# Next step in Mantis Tiller adjustment; won't go



## MariaAZ (Jun 5, 2007)

Thanks to the help of this forum, I got my mother's Mantis tiller to run by adjusting the low speed (white screw). I've been trying to adjust the high speed (red screw), but whenever the tines are dropped on the soil it dies.

I haven't even tried playing with the idle screw yet; just the high and low adjustment screws. What's the next step?


----------



## Rocky Fields (Jan 24, 2007)

Hey.

Make sure the air filter under the wingnut cover is clean. 

If the gas is old, turn it upside down with gascap off and drain it into appropriate container. Remember to make a 50:1 gas/oil mix for the fresh stuff. They don't run well if you have too much oil in the mix.

Download a pdf manual for your mantis off the web.

RF


----------



## Rocky Fields (Jan 24, 2007)

PS: Make sure the gearbox is lubed up. The little cover held on by 4? screws is where the appropriate gearlube goes.

RF


----------



## MariaAZ (Jun 5, 2007)

Done and done... the air filter is what caused the problem in the first place. This is a new tiller despite being 2 years old (it wasn't run much). I used it to till a few gardens last month, and swapped out the old air filter (which was a cottony one) with the paper one that came in the supply kit that came from the factory with the tiller. Apparently this threw off the fuel mix. I went through the manual and checked everything (which was all ok) but the manual section on adjusting the carb is inadequate to say the least. 

I may just cave in and take it to someone and have it adjusted. I hate doing it, but I just can't get it to work right :flame:


----------



## Rocky Fields (Jan 24, 2007)

Maria,

Adjusting Mantis carburetor:

The high speed mixture screw is initially set at 1 & 1/2 turns out. Then adjust it to give good acceleration and top speed, while not closing the screw more than you need to. The low speed mixture screw is set at 3/4 of a turn out. Adjust that, to give a smooth idle. The 3rd screw, the idle speed screw, is set to give a low idle speed without stalling. 

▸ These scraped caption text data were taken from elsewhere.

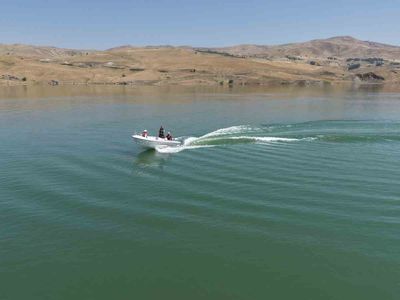 Baraj kıyılarında tekneyle sessiz sefer: Muş'ta kaçak avcılığa sıkı denetim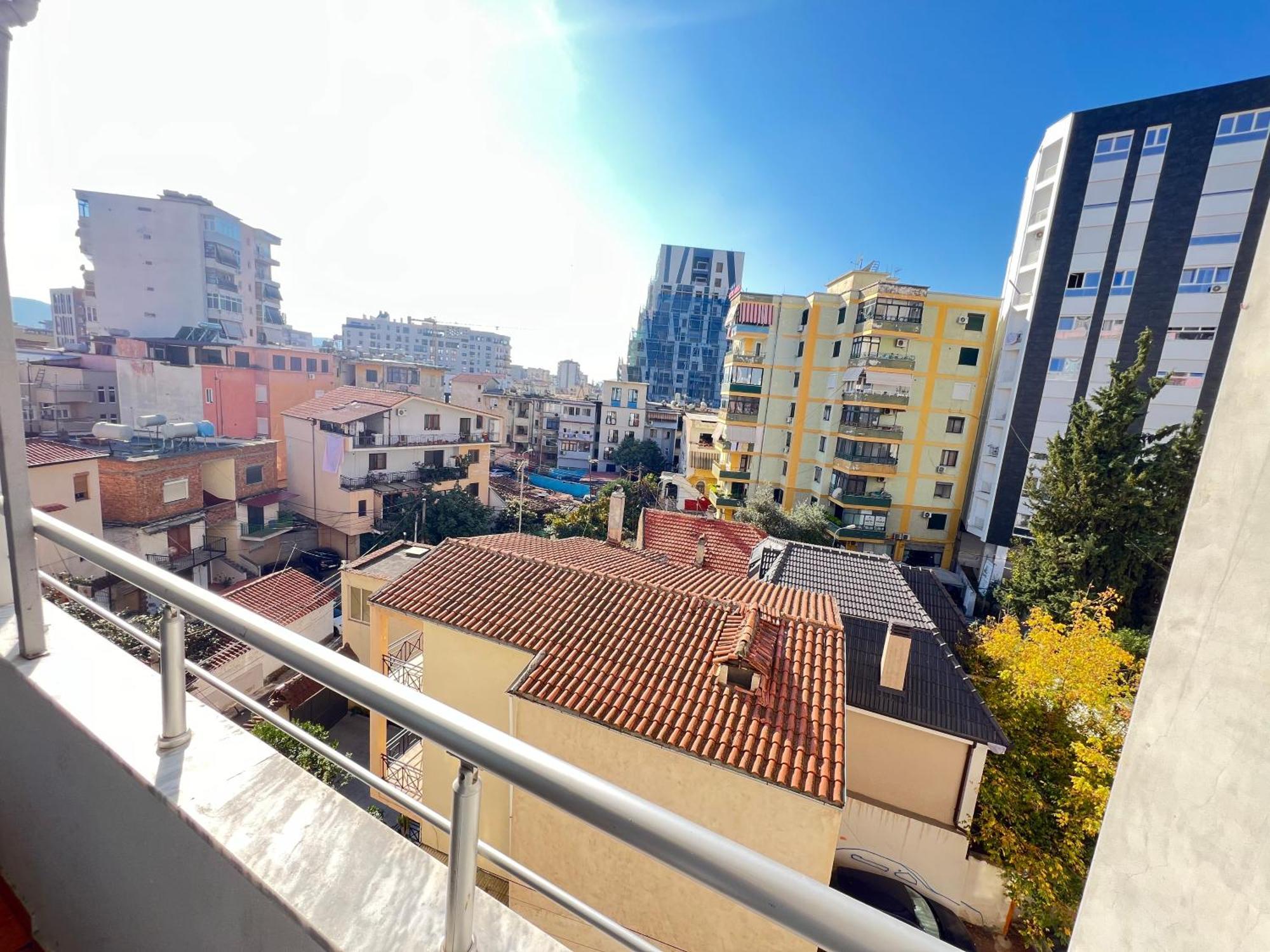 Spacious 1br Hub With Balcony *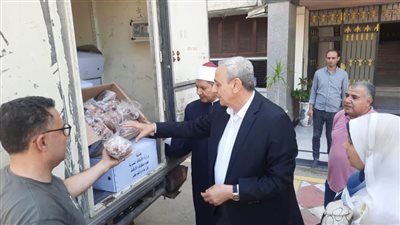 بالصور.. محافظ الغربية: تسليم دفعة جديدة من صكوك الأضاحى لتوزيعها على الأولى بالرعاية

Explanation of "turns out":

You start with the adjustment screw turned all the way in as far as it goes...then you turn it out the required number of turns. Use your manual to identify the screws.

I also recommend that you put some liquid carb cleaner in the fuel tank and let it idle for at least a half of tank full of fuel used up. There is a good chance the fuel delivery passageways are a bit gummed up after sitting for a couple years. 

I'm on my second one of these little guys and tho they are way overpriced, the Mantis can deliver good useage once you understand the pitfalls. 

RF


----------



## MariaAZ (Jun 5, 2007)

On the turn outs; I've read that some people remove the red and white "limiter" thingies (don't you love that technical term???) but since this isn't my tiller, I can't to that. I noticed the screws only turn about 1/2 a turn due to the tabs on those limiters. Do those limiters pop off and then back on once the carb is properly adjusted?


----------